Lys Anzia – WNN Breaking

(WNN) Cairo, EGYPT: As new policy by Egypt’s Supreme Administrative Court of the State Council, headed by Judge Ali Fikri, overturned Justice Minister Mohamed al-Guindy’s recent decision to give Egypt’s military the power of impunity to arrest civilians, activists are celebrating. But the newly elected President Mohamed Morsi has inherited another problem, extreme violence against women that continues to exist on the streets of Cairo.
“I have been forced to leave Cairo,” said British journalist Natasha Smith on Tuesday (June 26) after her recent ordeal in Cairo’s Tahrir Square in what she describes as “increasing force and aggression.” Attacked by a large mob of men who grabbed her sexually in what Smith said was “an insatiable appetite to hurt me,” the journalist was torn away from her male colleagues as she was swept through the crowd and into the hands of unknown men.
This has come after a score of women journalists and over 40 Egyptian women activists and protesters have been attacked in varying degrees of intensity on Tahrir Square. It has come after numerous women of Egypt have complained for over a decade about the fierce and rising level of sexual harassment that exists against women on the streets Cairo.
“…please God. Please make it stop,” said Smith to herself as she went through her ordeal. A key element to this kind of sexual violence includes fear, intimidation and humiliation of the victim. Women in Cairo have a documented history of reporting acts of harassment that have included verbal abuse, acts of intimidation, the striping away of clothing by an assailant, physical injury and sexual penetration.

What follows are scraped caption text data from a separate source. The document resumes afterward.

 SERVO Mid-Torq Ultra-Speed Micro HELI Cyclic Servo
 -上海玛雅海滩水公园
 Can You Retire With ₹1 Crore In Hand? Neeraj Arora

“A 2008 survey of more than a thousand women in Cairo, Giza, and Qalubiya by the Egyptian Center for Women‘s Rights found that 83 percent of Egyptian respondents have experienced sexual harassment in their lifetime; 46 percent reported sexual harassment on a daily basis,” said an authoritative 2009 USAID report on violence against women in Egypt. The UNDP – United Nations Development Programme has also outlined in 2010 that “98.9% of the female respondents said that they had been subjected to verbal harassment” as “4.57% of the female respondents said that they had been touched or forced to touch others in sensitive areas.”

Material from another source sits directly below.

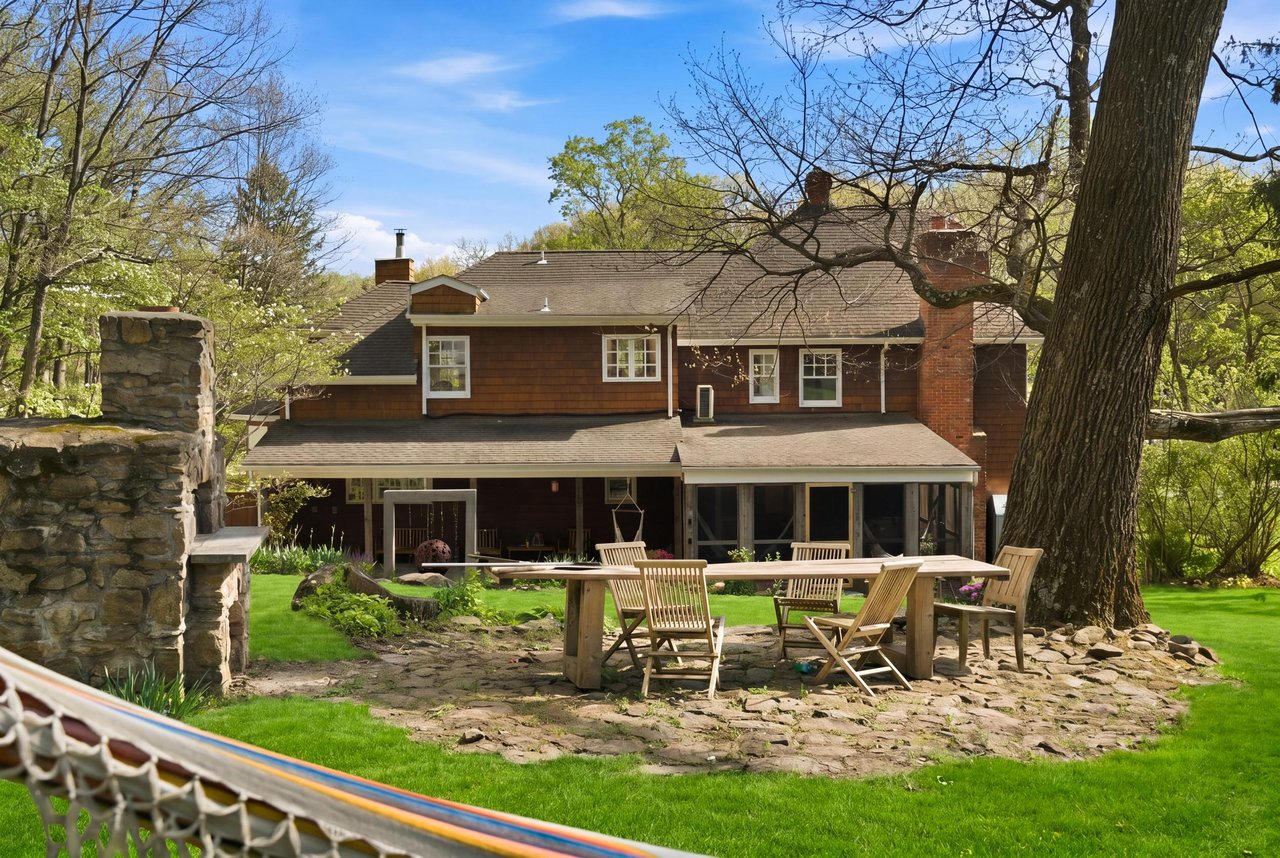 12 COLD SPRINGS ROAD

“This is a consistent trend and it has to stop. Arab women, western women – there are so many sufferers,” outlines Natasha Smith who reminds everyone that the attacks are not just based on violence against women from ‘the West.’ Sexual harassment and violence in Egypt does not follow a set pattern for its victims. Both Egyptian women wearing full traditional Islamic dress as well as women from Europe or America have suffered under the violence.
But where is the Egyptian police in follow-ups to these reports? Many women have not reported the violence due to fears that the police would not react in their favor. In 2005 only 2.4 percent of Egyptian women and 7.5 percent of foreign women reported sexual harassment crimes to the police.

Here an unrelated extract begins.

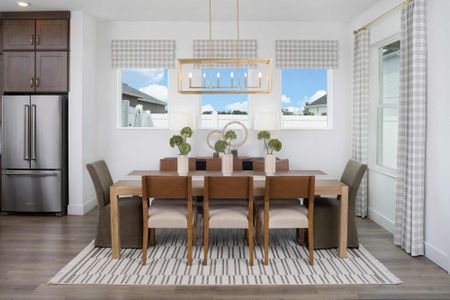 SeaFlower – Classic Homes by David Weekley Homes in Bradenton - image 8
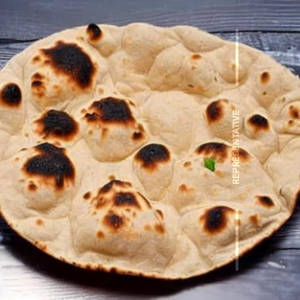 Plain Tandoori Roti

Reports on sexual harassment have been repeatedly exposed to authorities with little to no follow up. In 2004 the ECWR – Egyptian Center for Women’s Rights launched the “Making Our Streets Safer Campaign” after Egyptian as well as foreign women reported increasing incidents to the ECWR of sexual violence as harassment on the streets and in public places throughout Cairo. At the time many women “did no longer feel safe when alone in public. For a lot of them, verbal offenses, insults or unwanted touching have become a daily burden,” outlined the ECWR.
The idea of crowds giving women a measure of safety was a lesson that journalist Natasha Smith, as well as Lara Logan of CBS and Mona Eltahawy of CNN, as well as one Christian Coptic protester Ms. Ehab Hanna Ashaya, who’s experience ended up on Youtube, found out quickly is not the case in Cairo. They also quickly found out the police in Cairo can sometimes actually add to the harassment instead of coming to the aid of a victim.
Mona Eltahawy’s experience with military police after her attack described continuing harassment and injury. “I read news reports about a journalist whose arms were broken by Egyptian police, but I don’t connect them to the splints around my arms that allow only one-finger typing on a touchpad, nor with the titanium plate that will remain in my left arm for a year, to help a displaced fracture align and fuse,” said Eltahawy in an exclusive report on The Guardian News only one week before January 1, 2012.
“Even as the officer offered hollow protection, the men who had brought me in still went at my breasts,” described Eltahawy about her experience with Cairo’s police security forces.
But the warning about safety for women had come much earlier.
A 2005 ECWR study interviewed 2,020 participants; making up an equal force of 1,010 men and 1,010 women, including 109 foreign women. “The results we obtained after analyzing the first 100 complaints were shocking, being completely contrary to the social perception of Sexual Harassment,” detailed the ECWR. “Having been taught to stay in crowded places whenever possible and to be careful whenever alone in public, considering crowds as being protective, the study taught us the contrary: most forms of Sexual Harassment occur in very crowded places in front of schools or universities, in the workplace, at bus stations or on public transport. We were also brought up, being taught to avoid delays and to return home before dark. However, the results of the study show, that Sexual Harassment occurs increasingly during daytime, reaching its peaks at seven oclock a.m. and two oclock p.m. in front of schools and when going to or returning from work,” continued the 2005 study.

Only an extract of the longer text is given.